Amid the revitalization of the business districts in Tulsa, Oklahoma, Black entrepreneurs say they are being shut out of acquiring loans, tax incentives and property in the most desirable regions 100 years after the Tulsa Race Massacre.
About $42 million worth of tax incentives and loans intended to fund development in Tulsa’s historic Greenwood district has “largely benefited white-owned firms that won the majority of contracts to develop lucrative parcels closest to downtown,” The Washington Post chronicled in a recent report.
Under Oklahoma law, the distribution of these incentives and loans is governed by a race-blind process. City officials have only recently turned their attention to racial disparities in property ownership in the district. Although officials plan to make more land available for redevelopment, the Black entrepreneurs have already been shut out of the most desirable areas of Greenwood.
A century after the 1921 massacre, a single one-block commercial stretch south of the interstate remains Black-owned in a community where Black Americans once thrived in an epicenter of Black business and culture.
The violence began a century ago when a Black teenager was accused of assaulting a white girl in an elevator.
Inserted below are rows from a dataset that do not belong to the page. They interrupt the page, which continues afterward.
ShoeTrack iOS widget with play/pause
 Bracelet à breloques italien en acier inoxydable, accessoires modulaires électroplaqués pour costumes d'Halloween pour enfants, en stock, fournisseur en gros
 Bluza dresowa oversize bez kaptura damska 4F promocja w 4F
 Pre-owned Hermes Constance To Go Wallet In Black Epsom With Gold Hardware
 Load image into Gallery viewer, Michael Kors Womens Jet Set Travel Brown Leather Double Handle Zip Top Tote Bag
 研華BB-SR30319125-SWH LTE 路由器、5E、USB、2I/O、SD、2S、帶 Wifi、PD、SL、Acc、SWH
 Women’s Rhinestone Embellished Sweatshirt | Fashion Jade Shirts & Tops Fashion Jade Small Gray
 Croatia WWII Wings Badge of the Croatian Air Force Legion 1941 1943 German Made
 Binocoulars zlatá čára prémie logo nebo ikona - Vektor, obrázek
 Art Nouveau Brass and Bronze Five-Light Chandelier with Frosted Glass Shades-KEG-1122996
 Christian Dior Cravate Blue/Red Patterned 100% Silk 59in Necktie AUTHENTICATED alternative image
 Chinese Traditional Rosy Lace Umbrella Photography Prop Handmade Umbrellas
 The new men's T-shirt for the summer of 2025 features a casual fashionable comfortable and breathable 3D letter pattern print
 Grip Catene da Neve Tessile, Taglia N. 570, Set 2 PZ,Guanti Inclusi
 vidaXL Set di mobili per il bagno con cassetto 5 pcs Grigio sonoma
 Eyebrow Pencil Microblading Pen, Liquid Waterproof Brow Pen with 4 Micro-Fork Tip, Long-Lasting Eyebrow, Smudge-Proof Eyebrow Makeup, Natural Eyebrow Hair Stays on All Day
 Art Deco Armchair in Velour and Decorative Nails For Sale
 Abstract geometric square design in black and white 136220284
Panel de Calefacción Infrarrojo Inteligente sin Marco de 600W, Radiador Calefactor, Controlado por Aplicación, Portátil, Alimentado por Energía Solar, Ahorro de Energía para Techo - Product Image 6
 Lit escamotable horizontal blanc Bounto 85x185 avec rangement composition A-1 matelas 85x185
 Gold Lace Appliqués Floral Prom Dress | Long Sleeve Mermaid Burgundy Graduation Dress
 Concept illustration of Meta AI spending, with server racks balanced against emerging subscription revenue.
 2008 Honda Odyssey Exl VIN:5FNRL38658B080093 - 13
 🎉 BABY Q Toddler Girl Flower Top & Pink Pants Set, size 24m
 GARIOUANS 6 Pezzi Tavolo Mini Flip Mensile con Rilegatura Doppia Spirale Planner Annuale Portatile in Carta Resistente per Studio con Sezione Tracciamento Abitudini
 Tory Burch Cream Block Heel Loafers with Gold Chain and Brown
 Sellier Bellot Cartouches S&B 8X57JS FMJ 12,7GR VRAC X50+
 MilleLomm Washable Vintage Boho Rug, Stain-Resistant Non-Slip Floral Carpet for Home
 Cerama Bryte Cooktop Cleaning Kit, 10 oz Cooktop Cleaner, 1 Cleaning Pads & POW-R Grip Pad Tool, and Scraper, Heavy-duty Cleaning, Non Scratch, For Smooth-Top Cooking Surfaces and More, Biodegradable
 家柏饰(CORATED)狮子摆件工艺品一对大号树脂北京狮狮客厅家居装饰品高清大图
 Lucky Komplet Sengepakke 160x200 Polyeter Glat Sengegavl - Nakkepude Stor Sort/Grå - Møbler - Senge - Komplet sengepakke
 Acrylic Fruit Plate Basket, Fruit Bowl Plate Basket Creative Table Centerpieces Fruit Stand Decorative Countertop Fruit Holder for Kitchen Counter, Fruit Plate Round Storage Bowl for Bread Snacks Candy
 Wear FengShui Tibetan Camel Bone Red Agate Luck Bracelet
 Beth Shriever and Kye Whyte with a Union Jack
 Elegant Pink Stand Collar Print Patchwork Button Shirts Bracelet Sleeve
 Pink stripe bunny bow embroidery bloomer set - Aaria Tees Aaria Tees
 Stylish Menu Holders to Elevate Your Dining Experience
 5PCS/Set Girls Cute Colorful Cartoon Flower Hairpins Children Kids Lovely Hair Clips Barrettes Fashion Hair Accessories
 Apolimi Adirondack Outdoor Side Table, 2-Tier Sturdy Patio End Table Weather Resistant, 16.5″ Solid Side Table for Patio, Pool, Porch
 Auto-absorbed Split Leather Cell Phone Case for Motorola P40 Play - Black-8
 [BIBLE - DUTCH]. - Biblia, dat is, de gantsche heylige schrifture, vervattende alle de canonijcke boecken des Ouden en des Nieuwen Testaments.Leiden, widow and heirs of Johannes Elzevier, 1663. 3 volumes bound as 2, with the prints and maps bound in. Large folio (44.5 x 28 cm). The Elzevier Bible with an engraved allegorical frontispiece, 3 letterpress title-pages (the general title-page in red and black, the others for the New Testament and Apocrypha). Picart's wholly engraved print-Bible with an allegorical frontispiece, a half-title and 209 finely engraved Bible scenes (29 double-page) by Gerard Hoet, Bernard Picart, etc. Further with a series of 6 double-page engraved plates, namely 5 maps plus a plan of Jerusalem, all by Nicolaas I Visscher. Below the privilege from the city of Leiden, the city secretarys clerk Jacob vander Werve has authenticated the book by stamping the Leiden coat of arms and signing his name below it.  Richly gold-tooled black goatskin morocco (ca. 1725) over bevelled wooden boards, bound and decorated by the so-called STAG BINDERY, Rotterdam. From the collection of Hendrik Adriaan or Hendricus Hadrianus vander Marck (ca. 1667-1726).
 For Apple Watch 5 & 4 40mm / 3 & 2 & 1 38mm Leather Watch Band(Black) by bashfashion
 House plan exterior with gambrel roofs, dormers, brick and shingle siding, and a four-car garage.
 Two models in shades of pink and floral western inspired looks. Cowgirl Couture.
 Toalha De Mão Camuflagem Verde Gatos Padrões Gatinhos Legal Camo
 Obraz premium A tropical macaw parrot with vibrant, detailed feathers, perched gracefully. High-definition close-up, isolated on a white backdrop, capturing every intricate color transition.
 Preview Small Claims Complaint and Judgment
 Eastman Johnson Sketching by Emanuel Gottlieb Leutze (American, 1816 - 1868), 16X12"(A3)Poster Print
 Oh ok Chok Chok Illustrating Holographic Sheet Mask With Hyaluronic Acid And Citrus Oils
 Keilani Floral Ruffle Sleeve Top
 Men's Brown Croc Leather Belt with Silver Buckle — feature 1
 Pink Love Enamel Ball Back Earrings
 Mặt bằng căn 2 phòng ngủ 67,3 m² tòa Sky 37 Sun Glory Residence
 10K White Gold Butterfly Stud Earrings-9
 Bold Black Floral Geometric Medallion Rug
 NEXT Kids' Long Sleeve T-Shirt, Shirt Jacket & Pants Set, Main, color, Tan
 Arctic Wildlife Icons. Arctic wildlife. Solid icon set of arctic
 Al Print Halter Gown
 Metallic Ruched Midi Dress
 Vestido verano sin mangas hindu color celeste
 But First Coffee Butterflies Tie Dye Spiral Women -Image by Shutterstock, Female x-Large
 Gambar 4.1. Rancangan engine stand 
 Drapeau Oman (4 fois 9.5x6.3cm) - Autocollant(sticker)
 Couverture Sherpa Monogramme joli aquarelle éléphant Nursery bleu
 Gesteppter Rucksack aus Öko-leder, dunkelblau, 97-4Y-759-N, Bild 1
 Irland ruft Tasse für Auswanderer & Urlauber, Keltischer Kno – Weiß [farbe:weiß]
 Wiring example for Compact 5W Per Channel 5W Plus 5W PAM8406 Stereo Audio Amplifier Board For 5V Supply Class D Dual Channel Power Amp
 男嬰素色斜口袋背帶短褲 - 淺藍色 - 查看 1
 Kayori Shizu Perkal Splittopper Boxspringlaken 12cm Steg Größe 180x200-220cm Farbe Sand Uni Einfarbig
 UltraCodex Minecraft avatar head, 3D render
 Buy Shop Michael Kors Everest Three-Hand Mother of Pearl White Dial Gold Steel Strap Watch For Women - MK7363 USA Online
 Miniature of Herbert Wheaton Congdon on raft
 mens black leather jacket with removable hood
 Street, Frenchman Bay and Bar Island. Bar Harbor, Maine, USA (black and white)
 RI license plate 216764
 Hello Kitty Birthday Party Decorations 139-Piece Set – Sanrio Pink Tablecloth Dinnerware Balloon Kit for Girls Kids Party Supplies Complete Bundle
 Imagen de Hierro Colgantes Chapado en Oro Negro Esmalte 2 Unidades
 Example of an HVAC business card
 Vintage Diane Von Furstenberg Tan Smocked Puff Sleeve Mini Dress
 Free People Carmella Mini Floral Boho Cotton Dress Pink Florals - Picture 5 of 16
When a group of Black men showed up at the courthouse to defend the teen, who was barricaded inside the building with the sheriff, a fight ensued with a mob of white men, and the melee became a conflagration of violence that carried to the Greenwood district.
Over an 18-hour period in 1921 between May 31 and June 1, white mobs attacked, burned and looted the thriving business district that had become known as Black Wall Street. Thousands of survivors were left homeless, and reports of what occurred were largely silenced in media reports.
At least 300 people were killed and more than 800 were injured. More than 1,200 homes and 60 businesses were destroyed.
No Black property owners received compensation, and city and state officials did not commit money to rebuilding the community in the aftermath of the attack.
Tulsa native Guy Troupe, who owns a coffee shop in the Greenwood district, expressed frustration about the disparities in land and property ownership in the region.
“It’s hard to stomach the idea that a museum and tourism will fix the challenges of systemic racism. I came to take back what’s rightfully ours,” the 54-year-old Troupe told the Post. “Who owns in there? It’s not us. The only thing we own are homes. But big industrial buildings, lands zoned for commercial development? We don’t have it.”
Troupe returned to the city after a career in sports consulting.
The Tulsa Development Authority and the state university system own a significant portion of the 35 blocks of buildings that comprise the Greenwood district.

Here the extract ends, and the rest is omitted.